*HOW TO COMPLETE THIS TASK*
Write the data out in full and word for word. Do not include images.
#### DATASET CONTENT ####
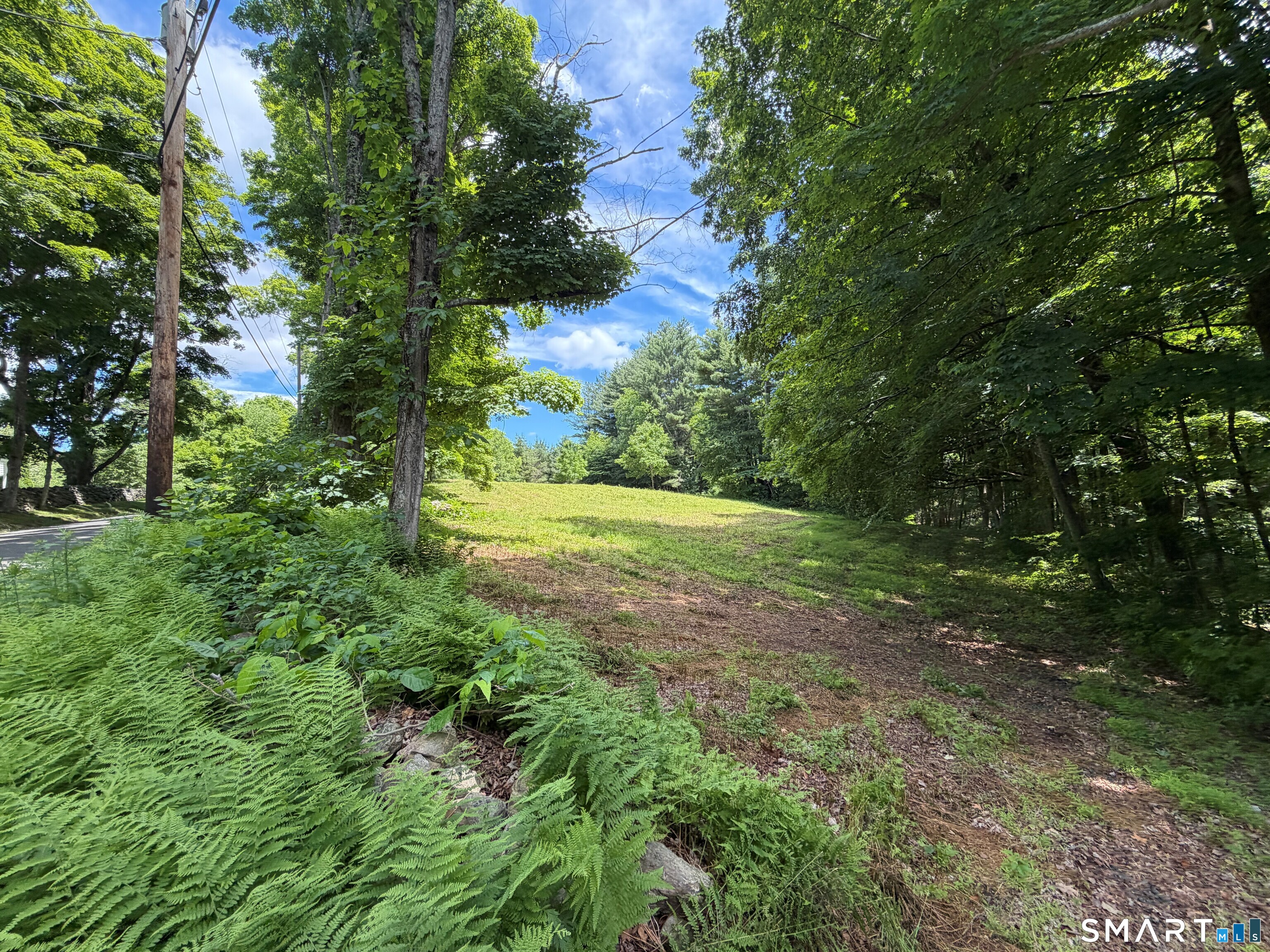 Homes for sale in Woodbury, CT | 133 Painter Hill Rd, Woodbury, CT 06798 | MLS# 24187054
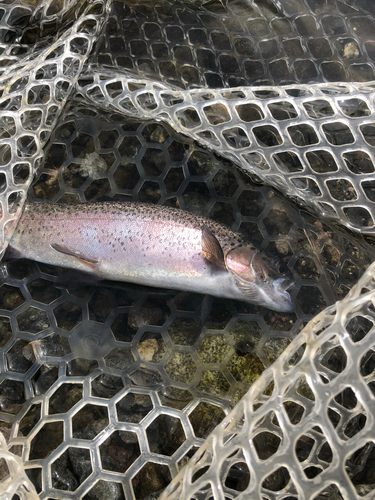 ニジマスの釣果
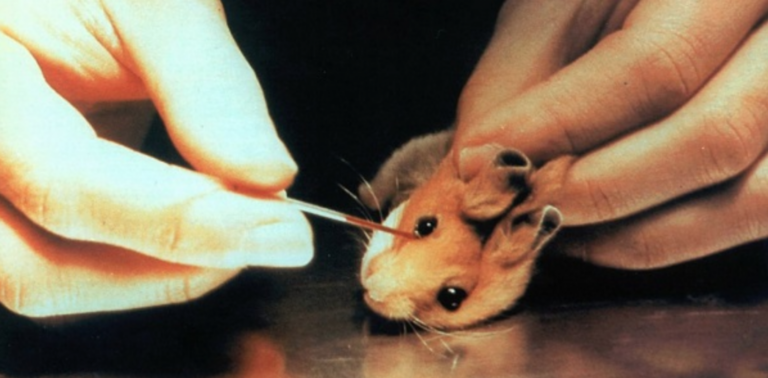 Svizzera, bocciato il referendum per vietare la sperimentazione sugli animali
####
*SOLUTION FOR THIS PROBLEM*
 Homes for sale in Woodbury, CT | 133 Painter Hill Rd, Woodbury, CT 06798 | MLS# 24187054
 ニジマスの釣果
 Svizzera, bocciato il referendum per vietare la sperimentazione sugli animali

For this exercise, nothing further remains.